By introducing a theme, color palette or motif, wedding invitations set the tone for your entire event. So consider all the design options before you sign, seal and deliver your big-day invites.
Pick Your Print
Invitation designer Ellen Black, co-owner of Lehr and Black Invitationers in Los Angeles, has designed custom invitations for the likes of Gwen Stefani and Brooke Shields. For Black, whose much-sought-after designs have established her as an authority on wedding stationery, the two most important design elements to consider when choosing your invitations are the printing process and typeface.
For formal invitations, Black recommends engraving, the most elegant (and costly) printing style, which produces a raised type. She suggests engraving in gold or silver leaf on 200- or 300- pound, 100-percent-cotton paper. Letterpress type, another popular option, results in an indented print and lends a more casual feel to invitations. Requiring the same weight paper as engraving (but one soft enough to be depressed), letterpress type works better with soft ink colors such as brown and celadon rather than bold hues like jet black and scarlet. These colors appear dull when pressed into pulpy paper.
Black loves to experiment with typeface: "Mixing fabulous fonts is key." She combines script- and block-style lettering to achieve the most elegant design.
Choose Special Details
Jewels, dried flowers or fabric make a statement on even basic invites. Swarovski crystals and rhinestones, which can be arranged as a monogram or simply used to dot an i, are a stylish way of establishing a color theme and adding a bit of sparkle. "To me, crystals are more formal and elegant; colorful stones are fun and playful," says Black.
Embellishing invitations with dried flowers is a natural way to work in color. Choose a bright-orange or hot-pink (instead of pastel) bloom for a modern twist. Black recommends adorning a chocolate-brown engraved invite with a vibrant yellow sunflower.

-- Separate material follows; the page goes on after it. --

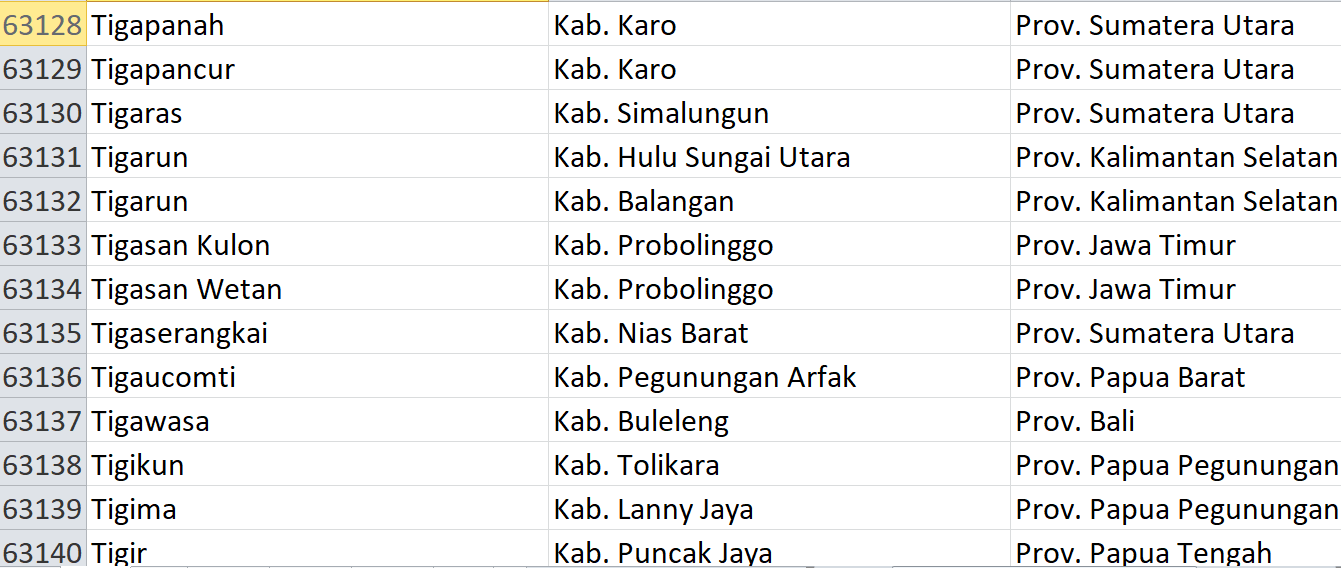 Nama Pasaran di Indonesia, ‘Tiga’ Jadi Nama 114 Desa: Ini Daftar Lengkapnya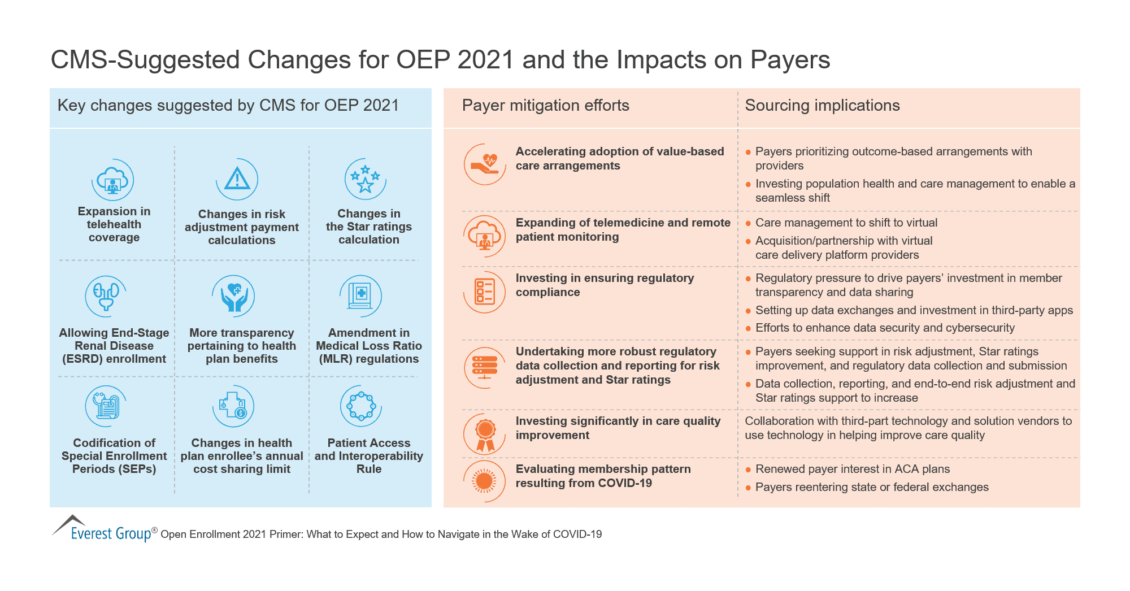 CMS-Suggested Changes for OEP 2021 and the Impacts on Payers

Touches of lace, organza or silk are perfect for invitations to a summer fete. All can be wrapped around your invites and tied in bows or made into pockets for enclosure cards on a tri-fold invitation. Lace or organza can achieve a romantic, delicate look; silk adds rich texture and a punch of color.
Upgrade Your Packaging
To dress up a standard invitation, Black uses envelopes and boxes lined with lace or colored silk. Envelopes made entirely of lotus silk (which is thin and flat) and boxes covered in linen or silk doupioni (a perfect fabric for embroidering a logo or meaningful quote) are ultrachic packaging options. Fasten your envelopes with a wax seal in yellow, teal or pink to make your invites even more memorable.